Secondo alcuni, l’assenza dell’imputato in ogni fase del rito direttissimo (cioè sin dall’inizio del giudizio di convalida nel caso dell’art. 449 comma 1 e dell’art. 558 commi 1 e 4 cpp e all’inizio del giudizio direttissimo nel caso di cui all’art. 449 comma 4 e 558 comma 9 cpp) impedisce il radicamento del rito direttissimo perché mancherebbe del tutto la contestazione dell’accusa all’imputato, che sarebbe dunque giudicato senza mai essere stato messo a conoscenza delle imputazioni a lui mosse.

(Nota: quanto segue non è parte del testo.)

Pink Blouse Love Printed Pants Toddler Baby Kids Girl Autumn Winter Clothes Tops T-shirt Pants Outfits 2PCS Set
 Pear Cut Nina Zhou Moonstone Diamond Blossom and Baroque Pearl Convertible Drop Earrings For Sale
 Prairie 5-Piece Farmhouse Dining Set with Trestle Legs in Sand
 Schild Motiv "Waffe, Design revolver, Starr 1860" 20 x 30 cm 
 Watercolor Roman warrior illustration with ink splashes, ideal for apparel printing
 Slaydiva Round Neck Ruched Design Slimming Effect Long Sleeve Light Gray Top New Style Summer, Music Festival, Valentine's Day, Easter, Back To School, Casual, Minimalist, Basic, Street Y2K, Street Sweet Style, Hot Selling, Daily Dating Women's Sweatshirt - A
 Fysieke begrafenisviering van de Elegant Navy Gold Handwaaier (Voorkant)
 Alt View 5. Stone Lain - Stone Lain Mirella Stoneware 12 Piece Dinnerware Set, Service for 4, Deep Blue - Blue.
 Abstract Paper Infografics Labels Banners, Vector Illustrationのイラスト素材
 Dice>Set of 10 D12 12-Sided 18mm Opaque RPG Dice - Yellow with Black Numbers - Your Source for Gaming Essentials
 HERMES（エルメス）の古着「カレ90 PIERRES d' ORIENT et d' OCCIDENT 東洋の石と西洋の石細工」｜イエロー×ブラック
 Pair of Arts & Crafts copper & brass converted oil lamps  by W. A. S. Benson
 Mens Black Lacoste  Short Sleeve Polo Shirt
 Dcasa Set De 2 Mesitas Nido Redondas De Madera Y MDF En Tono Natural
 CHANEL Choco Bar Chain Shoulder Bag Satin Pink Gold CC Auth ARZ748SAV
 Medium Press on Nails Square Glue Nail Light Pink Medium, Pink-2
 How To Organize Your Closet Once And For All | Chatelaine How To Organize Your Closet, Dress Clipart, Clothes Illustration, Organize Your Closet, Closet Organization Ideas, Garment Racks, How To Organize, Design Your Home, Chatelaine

I fautori di tale soluzione sostengono che essa sarebbe imposta dal dato letterale. Si osserva che la lettura coordinata degli artt. 449 commi 1, 4, 5 e 450 commi 2 e 3 cpp rende evidente che l’unica ipotesi di citazione a comparire a giudizio direttissimo di imputato libero è prevista nel caso contemplato dall’art. 449 comma 5 cpp (ossia in caso di confessione). Nei casi previsti dall’art. 449 comma 1 cpp (arresto da convalidare) e dall’art. 449 comma 4 cpp, infatti, il codice di rito fa riferimento all’istituto della presentazione. Conseguentemente, in caso di arresto già convalidato senza applicazione di misura custodiale (custodia in carcere o arresti domiciliari) o nel caso in cui l’arrestato in flagranza non abbia potuto o voluto comparire all’udienza di convalida dell’arresto, sarebbe impossibile la celebrazione del giudizio direttissimo, anche perché, fuori dei casi di cui all’art. 450 comma 2 cpp “il pubblico ministero contesta l’imputazione all’imputato presente” (art. 451 comma 4 cpp).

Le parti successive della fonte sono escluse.